When this child was very small and was given her bath, she loved to climb out of the tub and race through the house wet and naked. This led to a game started by one of her older sisters when she reached with one hand to grasp the two little butt cheeks and say, "Tiny heinie! Tiny heinie!" The evening bath quickly became a fun time anticipated by all.

Another favorite memory is taking her grocery shopping. Dad pushed the cart, and she toddled along just in front of him, holding onto the cross bar of the rack beneath the basket. While they handled that end of the business, I carried my list and made our selections. Well, actually I grabbed the stuff off the shelves and threw it in the basket as I raced to keep a few steps ahead of my helpers. Sometimes I just wasn't fast enough, and they would have to circle around through the next aisle and come back to me. She marched and pushed - she never stopped!

With one exception: there was a part of the store we tried to avoid, the one with the tall cage full of play balls. There she would abandon her cart-pushing responsibilities to pull out one ball after another from the bottom and gleefully throw them! We would have balls bouncing and rolling all over the store until we finally got them gathered up and tossed back into the bin. These were the days we bought a new ball, so she would stop grabbing and throwing in order to choose one.

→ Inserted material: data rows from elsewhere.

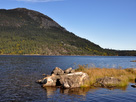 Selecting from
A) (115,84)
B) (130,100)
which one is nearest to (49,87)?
(115,84)

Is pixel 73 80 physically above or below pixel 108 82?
above

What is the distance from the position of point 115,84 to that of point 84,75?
5.33 metres

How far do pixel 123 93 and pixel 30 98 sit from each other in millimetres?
12542

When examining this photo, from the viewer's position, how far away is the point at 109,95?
20.5 meters

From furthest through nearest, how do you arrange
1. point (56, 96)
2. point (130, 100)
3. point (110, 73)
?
1. point (110, 73)
2. point (56, 96)
3. point (130, 100)

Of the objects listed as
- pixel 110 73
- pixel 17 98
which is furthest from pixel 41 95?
pixel 110 73

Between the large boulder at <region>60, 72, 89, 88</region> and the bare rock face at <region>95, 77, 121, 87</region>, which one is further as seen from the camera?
the bare rock face at <region>95, 77, 121, 87</region>

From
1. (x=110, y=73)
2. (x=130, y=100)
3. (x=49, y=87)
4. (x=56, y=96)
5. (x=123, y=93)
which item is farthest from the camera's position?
(x=110, y=73)

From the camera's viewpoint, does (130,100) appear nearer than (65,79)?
Yes

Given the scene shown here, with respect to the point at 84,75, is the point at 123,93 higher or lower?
lower

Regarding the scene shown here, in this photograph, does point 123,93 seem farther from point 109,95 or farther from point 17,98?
point 17,98

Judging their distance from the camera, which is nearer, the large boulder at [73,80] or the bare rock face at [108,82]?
the large boulder at [73,80]

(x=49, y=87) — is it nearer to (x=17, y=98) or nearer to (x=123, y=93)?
(x=17, y=98)

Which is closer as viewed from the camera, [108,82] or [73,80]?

One day she and Dad were hurrying past the canned fruits and vegetables, when they came to a necessary halt to avoid hitting another shopper. A woman of ample proportions was standing in their way as she considered the fruit. She leaned over to reach a can of peaches, read the label, then replaced it and picked up another one, remaining bent over in kind of a half squat while she pondered. My child gazed intently at the woman and then walked up behind her, spreading her arms wide and declaring loud and clear, "BIG tah-heinie!"

It was just one of many magical moments. I've had a wonderful Mother's Day.

Saturday, May 7, 2011

The Birth of Judyism



I was born in the local Food Basket, probably somewhere back in the produce department.

It always amused me to say this when, at the beginning of the school term, children were pressed to share their basic information in a get-acquainted sort of activity. It was true enough, although at the time of my birth, the building was still the small Osteopathic Hospital in our small town. Then I liked to follow it up with another tidbit: I was born at 9:00 o'clock in the morning, but I didn't breathe until noon. Also true. Taken prematurely by C-section from a mother with the dangerous and dramatic symptoms of eclampsia, I refused to breathe on my own for three hours, till the doctor cried, "Oh, if I only had a resuscitator!" My father the mayor immediately called the Fire Chief, and mine became the first tiny life saved with the new resuscitator just acquired by the city's Fire Department. Even so, it was a chore to keep me alive, as I also refused to eat. I only wanted to sleep, and had to be forced to stay awake and swallow every tiny drop of my formula.

So there are three things you can learn about me from my birth and childhood: I'm stubborn, I have a habit of using "shock" statements to get attention, and I might be a little brain damaged. Feel free to point out any or all of these possible flaws when coming here to study Judyism.